25 April 2007

Will to Art



I've written about artistic intent, originality, authorship etc. on a number of occasions. Those exercises are interesting, but today we are faced with something of a conundrum in the form of a Jean Arp collage.


That's Arp's Collage with Squares Arranged According to the Laws of Chance 1916-17.

To make this collage, Arp apparently dropped the blue and white paper scraps onto the lager, gray paper and then "further developed the collages by arranging the pieces automatically, without will."

Now that's really something. Is Arp saying that he is able to overcome free will? I think he must be, because if he was a determinist that would be stating an irrelevant, obvious fact. Why bother? I don't think he did. I think Arp thought he had a will that generally got in the way of the automatic process he favored.

So we've now come to the $50 question (except the $50 is fake). Assuming you've got free will (and those of you who follow my husband's blog know that he's been thinking a whole lot about that lately) can you shut it down? Can you will not to will? Isn't that like thinking about not thinking?

Well, Arp thought he could, and according to MoMA's page about this collage, it was by willing not to will that Arp's subconscious was able to allow a more essential, natural composition to emerge. Yeah.

For a while I've been thinking about doing a series here at Impart Art where I go through and recreate the works of other artists, and every time that thought crosses my mind this collage comes with it. But now that I've gotten myself good and confused about free will and whether I can will myself not to will, well, I don't think I'm interested.

5 comments:

kat said...

maybe that's when you do things subconsciously. sometimes if i'm doing something but my mind is wandering i snap back into and look at what i've done and it's not necessarily what i would have done if i had been focusing. i'm not sure if that's what you meant or if that makes sense.

Anonymous said...

I do like the colors and it is nicely symmetrically asymmetrical and freely free of will.

Matthew said...

The non-free will crowd would argue that it is part of the illusion of free will that the concious mind thinks it has it, but the subconcious mind doesn't. Therefore, yielding to the subconcious is not a meaningful variable for determining whether or not a creation is stemming from free will or not.

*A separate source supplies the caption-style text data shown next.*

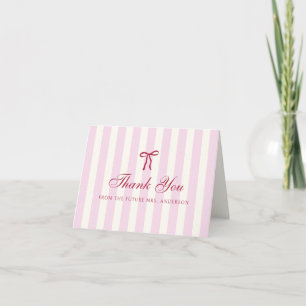 Pink Striped Preppy Bridal Shower Thank You Card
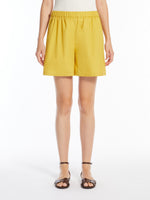 Cotton Poplin Shorts for Women - Yellow - Max Mara UAE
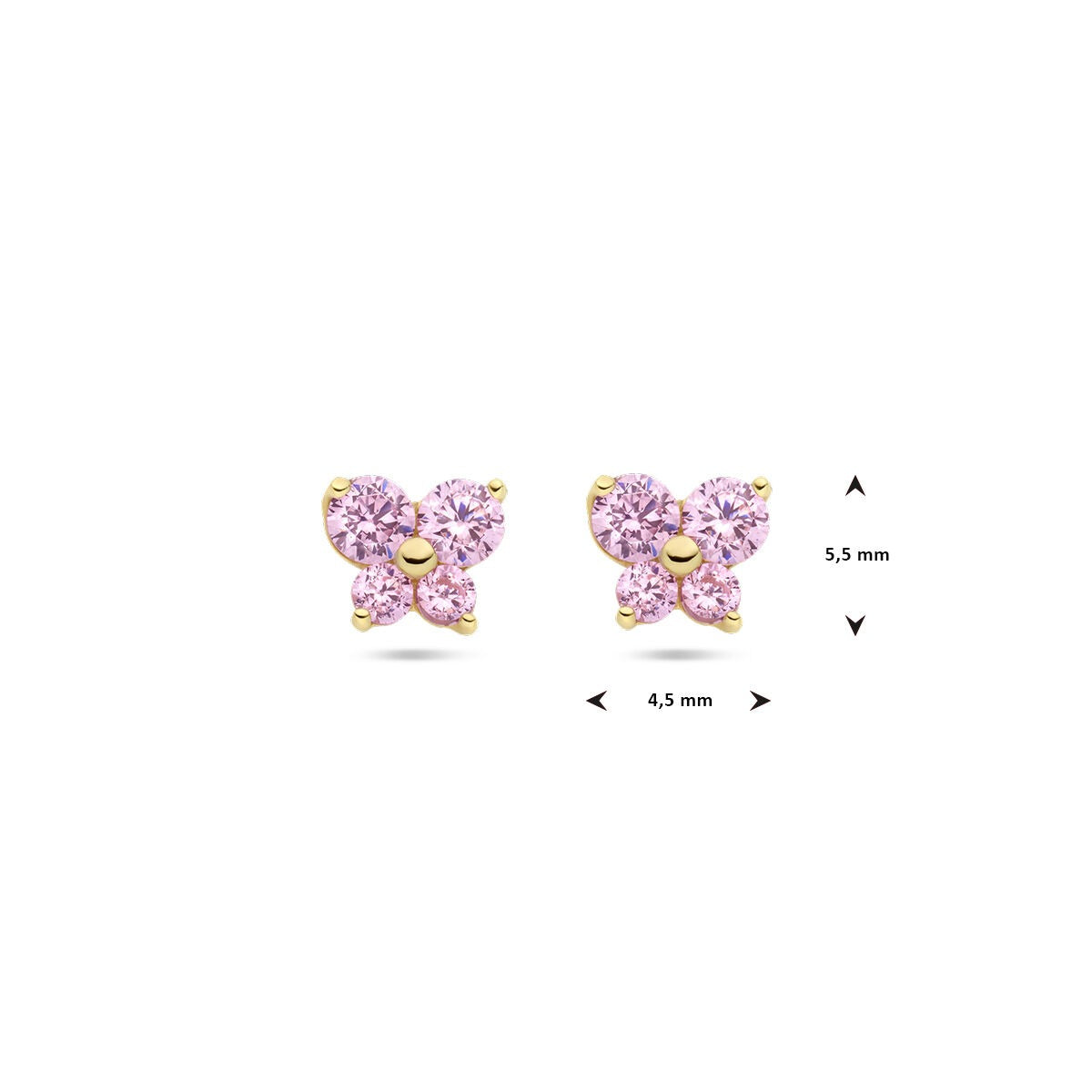 puces d'oreilles en or jaune 14k papillon avec zircone rose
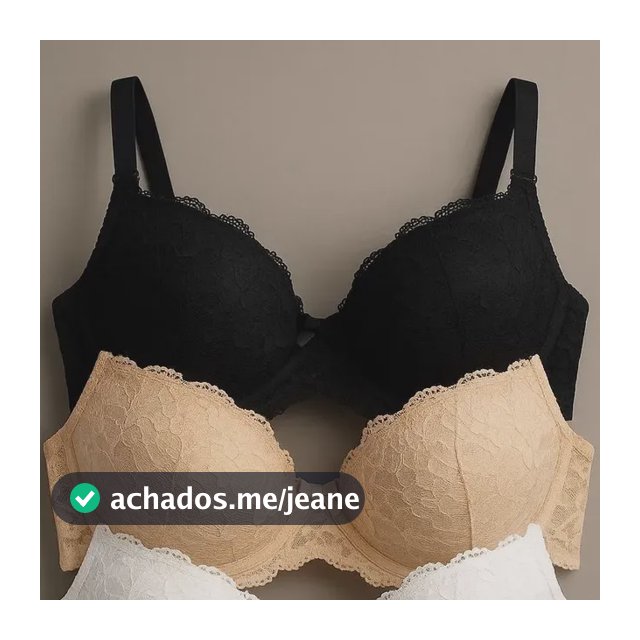 Kit 3 Sutiã De Renda Alça Reforçada Com Bojo Atacado Revenda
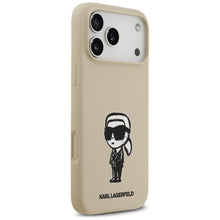 Заредете изображение във визуализатора на галерията – KARL LAGERFELD case for IPHONE 17 Pro Max compatible with MagSafe KLHMP17XSKIGROW (Silicone W/ KL Sketch &amp; Logo) brown
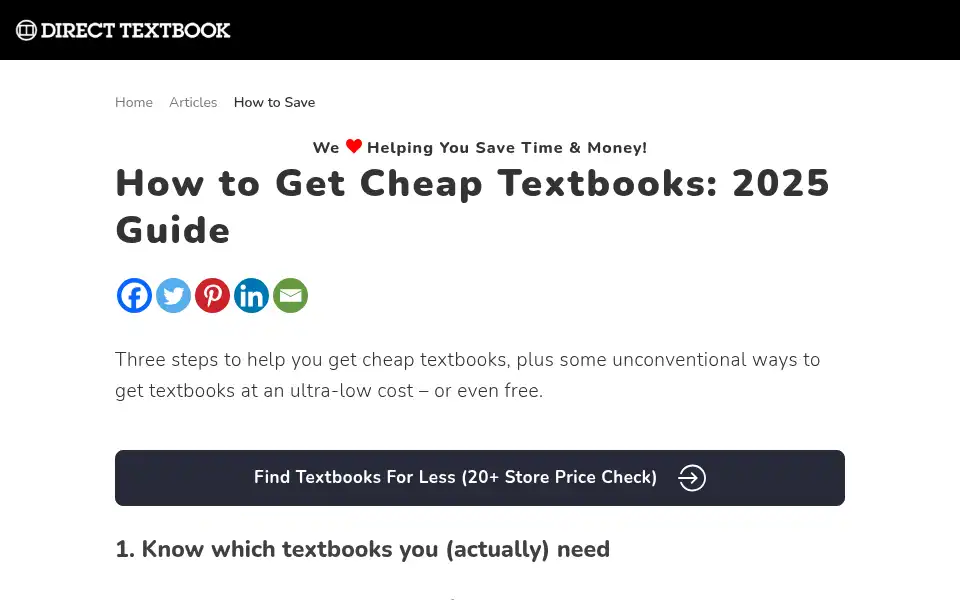 Screenshot of directtextbook.com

However, the idea does serve to give valuable highlight to the main point of free will. Are you capable of choosing whether or not you will be subject to the laws of nature? The anti crowd would say you aren't, either at the concious or subconcious level.

Also, the idea of allowing a random process to take over isn't relevent to free will as a random process is not any more departed from free will than a deterministic one. Niether one is "free will".

Mary Ann said...

Matthew, while those are all interesting ideas, they are too mired in the deterministic perspective to answer my question.

If there is free will and we all have it, can we will not to will? This question could better define what it is the determinists would say we don't have.

Anonymous said...

Ah, the unanswerable question again asked.